A "nasty cocktail" still weighing on the recovery

Westpac senior economist Satish Ranchhod (pictured) points to a soft labour market, sluggish wage growth, and upward pressure on mortgage rates as the real drag on the recovery, describing the combination as "a nasty cocktail" that means spending should recover "only gradually even if fuel costs continue to fall."

That caution holds despite June's uptick: spending levels remain effectively tracking sideways since February, with fuel still a factor even after recent falls — prices remain well above pre-war levels, leaving daily fuel spending running around 13% above last year despite the volume purchased down roughly 6%. Other essentials are adding to the squeeze too, with utilities spending up 2% and insurance up 3% in June.

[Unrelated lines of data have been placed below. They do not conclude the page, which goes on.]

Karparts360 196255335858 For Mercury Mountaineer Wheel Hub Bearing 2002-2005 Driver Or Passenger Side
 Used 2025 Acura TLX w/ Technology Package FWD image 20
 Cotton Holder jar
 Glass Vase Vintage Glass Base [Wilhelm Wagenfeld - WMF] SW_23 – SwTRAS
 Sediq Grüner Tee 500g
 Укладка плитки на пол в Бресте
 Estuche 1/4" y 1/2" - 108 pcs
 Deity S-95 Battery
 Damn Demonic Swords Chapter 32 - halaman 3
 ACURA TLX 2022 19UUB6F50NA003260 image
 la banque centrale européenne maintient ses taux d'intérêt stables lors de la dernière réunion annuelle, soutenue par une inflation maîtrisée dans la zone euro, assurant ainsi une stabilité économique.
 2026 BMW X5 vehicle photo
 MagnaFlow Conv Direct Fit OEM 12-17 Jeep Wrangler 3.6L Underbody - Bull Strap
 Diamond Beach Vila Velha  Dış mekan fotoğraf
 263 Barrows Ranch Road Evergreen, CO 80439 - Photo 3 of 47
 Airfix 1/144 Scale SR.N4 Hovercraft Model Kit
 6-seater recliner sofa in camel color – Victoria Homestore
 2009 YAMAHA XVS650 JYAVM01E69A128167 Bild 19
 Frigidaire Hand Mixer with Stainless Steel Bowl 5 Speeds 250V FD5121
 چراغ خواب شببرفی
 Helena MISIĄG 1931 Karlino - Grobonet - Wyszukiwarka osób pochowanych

That mortgage-rate pressure traces back to the OCR: the RBNZ hands down its next decision on 8 July, with banks split between a hold and a hike — and further apart still on where rates eventually peak, from ASB's 3.25% to Westpac and BNZ's near-4%.

Rural regions outpacing the cities

The recovery is far from even. Spending growth has been strongest in dairying-heavy regions including Southland, Canterbury, and Otago, buoyed by firm export earnings supporting regional incomes and confidence.

Auckland and Wellington, by contrast, have seen spending soften alongside weaker job growth, with the urban-rural divide widening further since the Middle East-driven cost increases took hold.